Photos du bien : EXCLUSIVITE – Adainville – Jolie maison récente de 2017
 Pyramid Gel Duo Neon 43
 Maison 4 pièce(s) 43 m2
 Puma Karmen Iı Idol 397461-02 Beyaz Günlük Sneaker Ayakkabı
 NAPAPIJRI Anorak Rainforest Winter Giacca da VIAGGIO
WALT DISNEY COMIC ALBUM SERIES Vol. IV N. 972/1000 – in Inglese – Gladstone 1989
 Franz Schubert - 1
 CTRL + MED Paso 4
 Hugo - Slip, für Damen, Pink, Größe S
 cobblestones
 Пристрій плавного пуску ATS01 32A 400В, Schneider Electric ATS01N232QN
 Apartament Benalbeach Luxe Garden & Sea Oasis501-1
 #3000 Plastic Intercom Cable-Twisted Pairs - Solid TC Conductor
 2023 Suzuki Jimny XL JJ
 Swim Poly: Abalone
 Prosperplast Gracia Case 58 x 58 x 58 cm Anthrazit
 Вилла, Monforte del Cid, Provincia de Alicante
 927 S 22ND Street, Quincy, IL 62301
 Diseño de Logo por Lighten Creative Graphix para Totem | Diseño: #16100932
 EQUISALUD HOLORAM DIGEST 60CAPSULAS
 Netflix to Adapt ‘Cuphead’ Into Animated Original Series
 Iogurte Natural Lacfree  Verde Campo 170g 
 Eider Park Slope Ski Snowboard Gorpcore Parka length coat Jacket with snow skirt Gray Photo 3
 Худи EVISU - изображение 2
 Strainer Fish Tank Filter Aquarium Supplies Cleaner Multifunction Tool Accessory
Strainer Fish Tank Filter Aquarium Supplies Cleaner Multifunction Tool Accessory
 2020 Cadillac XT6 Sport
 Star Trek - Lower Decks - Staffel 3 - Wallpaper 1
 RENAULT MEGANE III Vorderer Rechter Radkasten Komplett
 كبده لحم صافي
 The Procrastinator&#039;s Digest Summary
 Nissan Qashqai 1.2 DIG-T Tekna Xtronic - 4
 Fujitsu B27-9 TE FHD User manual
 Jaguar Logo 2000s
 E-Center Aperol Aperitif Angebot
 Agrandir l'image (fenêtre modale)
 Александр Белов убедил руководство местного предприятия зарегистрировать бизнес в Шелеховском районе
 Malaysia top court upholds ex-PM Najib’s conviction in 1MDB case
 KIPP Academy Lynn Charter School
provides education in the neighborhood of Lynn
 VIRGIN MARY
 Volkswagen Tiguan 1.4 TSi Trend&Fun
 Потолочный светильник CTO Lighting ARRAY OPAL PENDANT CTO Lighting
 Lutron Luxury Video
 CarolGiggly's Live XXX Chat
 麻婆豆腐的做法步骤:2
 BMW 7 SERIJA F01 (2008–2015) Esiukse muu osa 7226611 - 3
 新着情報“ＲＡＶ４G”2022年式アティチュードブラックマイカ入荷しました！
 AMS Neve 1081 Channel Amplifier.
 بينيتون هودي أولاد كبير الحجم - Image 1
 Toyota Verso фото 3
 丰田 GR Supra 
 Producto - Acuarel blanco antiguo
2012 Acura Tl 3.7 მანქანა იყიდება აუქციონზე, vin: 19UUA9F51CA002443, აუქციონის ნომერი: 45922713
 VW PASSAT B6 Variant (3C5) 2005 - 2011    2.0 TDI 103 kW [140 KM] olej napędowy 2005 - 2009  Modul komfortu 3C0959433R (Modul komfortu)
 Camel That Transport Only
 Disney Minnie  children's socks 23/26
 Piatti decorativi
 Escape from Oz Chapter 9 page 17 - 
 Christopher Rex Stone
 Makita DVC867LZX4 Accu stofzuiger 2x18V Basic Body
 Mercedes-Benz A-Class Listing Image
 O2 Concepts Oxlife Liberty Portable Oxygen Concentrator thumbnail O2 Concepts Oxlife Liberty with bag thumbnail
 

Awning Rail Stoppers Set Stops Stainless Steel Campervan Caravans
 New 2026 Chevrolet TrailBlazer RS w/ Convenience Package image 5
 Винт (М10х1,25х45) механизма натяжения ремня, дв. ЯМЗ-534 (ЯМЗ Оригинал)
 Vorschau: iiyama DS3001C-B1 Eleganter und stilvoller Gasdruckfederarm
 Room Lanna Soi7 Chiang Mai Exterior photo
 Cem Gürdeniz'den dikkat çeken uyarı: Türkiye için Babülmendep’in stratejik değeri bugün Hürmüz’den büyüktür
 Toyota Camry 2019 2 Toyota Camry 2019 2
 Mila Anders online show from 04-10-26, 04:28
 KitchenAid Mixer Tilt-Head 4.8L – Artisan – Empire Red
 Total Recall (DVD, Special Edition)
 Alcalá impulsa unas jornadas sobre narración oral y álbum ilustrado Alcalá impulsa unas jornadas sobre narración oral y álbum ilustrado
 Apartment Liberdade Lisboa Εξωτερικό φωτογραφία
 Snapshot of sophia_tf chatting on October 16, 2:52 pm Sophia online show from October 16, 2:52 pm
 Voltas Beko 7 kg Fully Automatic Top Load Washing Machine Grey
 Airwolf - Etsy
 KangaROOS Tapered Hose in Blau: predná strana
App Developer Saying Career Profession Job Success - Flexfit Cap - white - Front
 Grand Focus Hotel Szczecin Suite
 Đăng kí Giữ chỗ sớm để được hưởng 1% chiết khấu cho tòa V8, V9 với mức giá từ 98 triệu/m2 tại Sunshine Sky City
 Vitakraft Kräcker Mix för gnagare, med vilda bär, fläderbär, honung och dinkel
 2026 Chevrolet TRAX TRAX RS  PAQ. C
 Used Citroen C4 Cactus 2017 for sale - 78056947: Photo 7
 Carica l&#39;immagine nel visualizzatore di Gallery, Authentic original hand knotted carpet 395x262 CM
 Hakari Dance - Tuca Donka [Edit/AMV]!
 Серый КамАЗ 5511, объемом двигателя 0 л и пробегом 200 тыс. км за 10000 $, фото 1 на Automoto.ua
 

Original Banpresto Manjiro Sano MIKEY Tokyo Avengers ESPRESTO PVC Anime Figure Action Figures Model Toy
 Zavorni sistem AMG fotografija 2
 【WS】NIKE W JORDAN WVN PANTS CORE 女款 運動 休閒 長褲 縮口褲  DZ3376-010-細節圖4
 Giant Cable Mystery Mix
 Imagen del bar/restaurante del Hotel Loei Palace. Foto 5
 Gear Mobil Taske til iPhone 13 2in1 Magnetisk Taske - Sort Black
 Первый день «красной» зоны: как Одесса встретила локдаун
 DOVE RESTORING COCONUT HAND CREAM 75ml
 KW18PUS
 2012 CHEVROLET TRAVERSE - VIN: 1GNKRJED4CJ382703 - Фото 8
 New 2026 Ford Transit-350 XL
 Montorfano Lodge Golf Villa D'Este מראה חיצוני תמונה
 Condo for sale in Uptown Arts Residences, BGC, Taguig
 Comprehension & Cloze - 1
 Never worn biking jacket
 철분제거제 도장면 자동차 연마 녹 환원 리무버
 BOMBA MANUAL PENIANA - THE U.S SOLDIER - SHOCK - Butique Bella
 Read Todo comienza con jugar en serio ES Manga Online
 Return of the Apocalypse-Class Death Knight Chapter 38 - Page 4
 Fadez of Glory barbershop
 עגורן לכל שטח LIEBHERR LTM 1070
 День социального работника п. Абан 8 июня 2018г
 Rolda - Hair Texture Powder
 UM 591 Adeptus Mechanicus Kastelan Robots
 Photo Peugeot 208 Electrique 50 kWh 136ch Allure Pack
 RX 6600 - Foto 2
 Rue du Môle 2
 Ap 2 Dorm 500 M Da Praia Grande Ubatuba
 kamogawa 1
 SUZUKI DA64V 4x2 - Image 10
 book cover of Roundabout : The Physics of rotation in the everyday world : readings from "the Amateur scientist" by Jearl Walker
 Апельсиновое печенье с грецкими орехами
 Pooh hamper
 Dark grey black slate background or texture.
== == ==
Filtering the entries above by the word "Cleaner", copy each line that matches.

# WRITTEN ANSWER
 Strainer Fish Tank Filter Aquarium Supplies Cleaner Multifunction Tool Accessory
Strainer Fish Tank Filter Aquarium Supplies Cleaner Multifunction Tool Accessory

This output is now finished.